# older goods



## Extra Virgin Olive Oil

I would like to know what Finnish is for those things that have lost values for a variety of reasons, and that has to be sold cheaply or things that simply anyone interested can get them without paying it.

I can think of the calender for 2011 at this time of year, or HD-DVD videos that were being sold some years ago at supercheap prices at Stockmann (because, of course, they're not manufactured anymore).
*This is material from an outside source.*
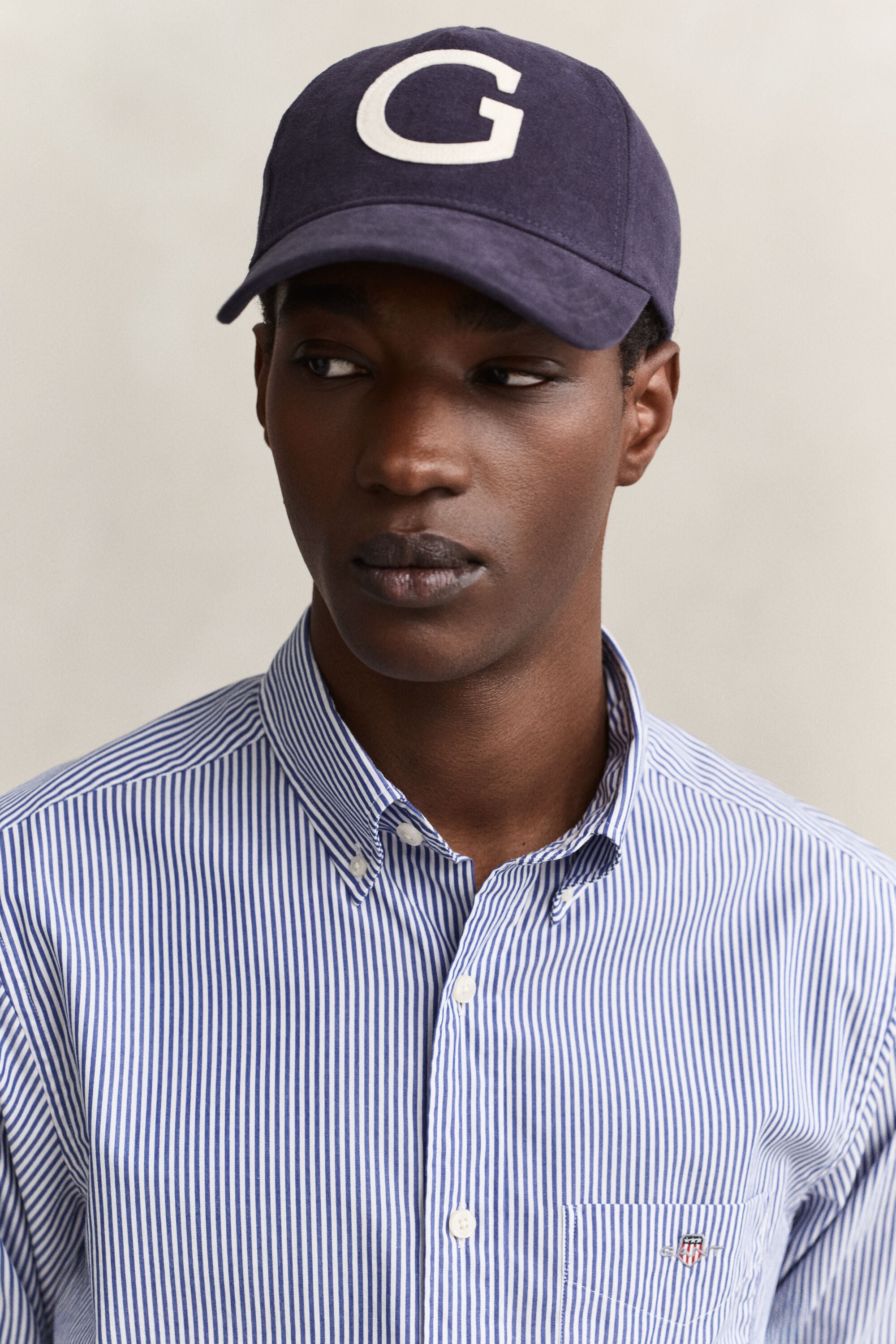 Camisa clásica de popelina de rayas finas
And how do I say when I want to "let them out at the market"?


----------



## Hakro

I think that the common business term is "epäkurantti(a) tavara(a)" = nonrecurrent goods.


----------



## Gavril

I think that this kind of item is often called a "clearance item" in English. I know that "clearance" is _tyhjennys_, but what is the normal word/phrase for "clearance item"? Or, how do you normally say, "sell (an item) at a clearance price"?


----------



## kirahvi

Clearance sale is _poistomyynti_, but I'm not sure if there's a specific word for the items. Is _poistotuotteet_ used? I'm really not sure.

To sell something at a clearance price is _myydä_ _poistohintaan_. _Uloskantohintaan_ is also sometimes used in the ads.

Edit: At least google gets a lot of hits for _poistotuote/poistotuotteet_, so I guess that's the word.


----------